Mr. Pierre Brien (Témiscamingue, BQ): Mr. Speaker, in the end, what guarantee do we have that the new bill on ethics will really improve things and that it will not just be a smokescreen, considering that the Prime Minister, the Minister of Canadian Heritage, the Minister of Citizenship and Immigration, the former Minister of National Defence, the former Solicitor General and the ministers of Public Works have shown and are continuing to show that the problem goes beyond ethics and is in fact rooted in a blatant lack of political morals?
Right Hon. Jean Chrétien (Prime Minister, Lib.): Mr.

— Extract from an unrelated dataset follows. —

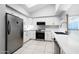 Modern kitchen featuring white cabinets, stainless steel appliances, tile backsplash, and a skylight for natural light at 1723 E Behrend Dr, Phoenix, AZ 85024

Speaker, the hon. member will get the answer to his question in 25 minutes.
* * *
[English]
Kyoto Protocol
Mr. James Rajotte (Edmonton Southwest, Canadian Alliance): Mr. Speaker, the coalition of industries in Canada who oppose the Kyoto accord is growing each and every day. The steel producers are opposed because of its impact on jobs and economic growth. Canadian Manufacturers and Exporters has estimated that at least 450,000 jobs will be lost in the manufacturing sector alone.
My question is for the Minister of Industry. Why is the government continuing to ignore the concerns of our industries in Canada on this issue?
Hon. David Anderson (Minister of the Environment, Lib.): Mr. Speaker, far from ignoring the concerns of industry, we have been engaged in constant consultations with the private sector and business over the past five years since the Kyoto accord was signed. This is ongoing. In fact we even delayed a meeting that was scheduled for two days ago until next week because we wanted to continue those discussions and make sure that we had an opportunity to incorporate their views in the federal document.
We are working very closely with industry as well as the provinces and territories on what is a national, pan-Canadian, all-Canadian approach to this issue.
Mr. James Rajotte (Edmonton Southwest, Canadian Alliance): Mr. Speaker, if Canada ratifies the Kyoto accord it will be the only major industrialized nation in the Americas to have to reduce its emissions. Brazil, Chile and Mexico are not forced to reduce their emissions and the United States has refused to sign the accord. This obviously would put Canada at a disadvantage with our major trading partners. It would dramatically impact our quality of life because our well-being is so dependent upon our exports.
Why is Canada going to be the only industrialized major nation in the Americas to have to live under the accord? I would like the Minister of Industry to finally stand in the House and state where he stands on this accord and why he is not listening to the concerns of the industries in Canada.
Hon. David Anderson (Minister of the Environment, Lib.): Mr. Speaker, the government speaks as one voice on this issue. It is particularly important for the opposition to understand that the concerns of industry are being fully accounted for. The fact is that through measures to improve energy efficiency, large numbers of companies including Boeing, General Motors, Shell and BP have all discovered that they made more money as well as satisfying their climate change goals.
* * *
[Translation]
The Environment
Mr. Bernard Bigras (Rosemont—Petite-Patrie, BQ): Mr. Speaker, yesterday the Commissioner of the Environment and Sustainable Development confirmed the government still does not know how many of its own sites are contaminated, has not classified the most dangerous sites and that, “steps must be taken on an urgent basis in light of the immediate risk to human health and to the environment” for 800 sites that it has contaminated.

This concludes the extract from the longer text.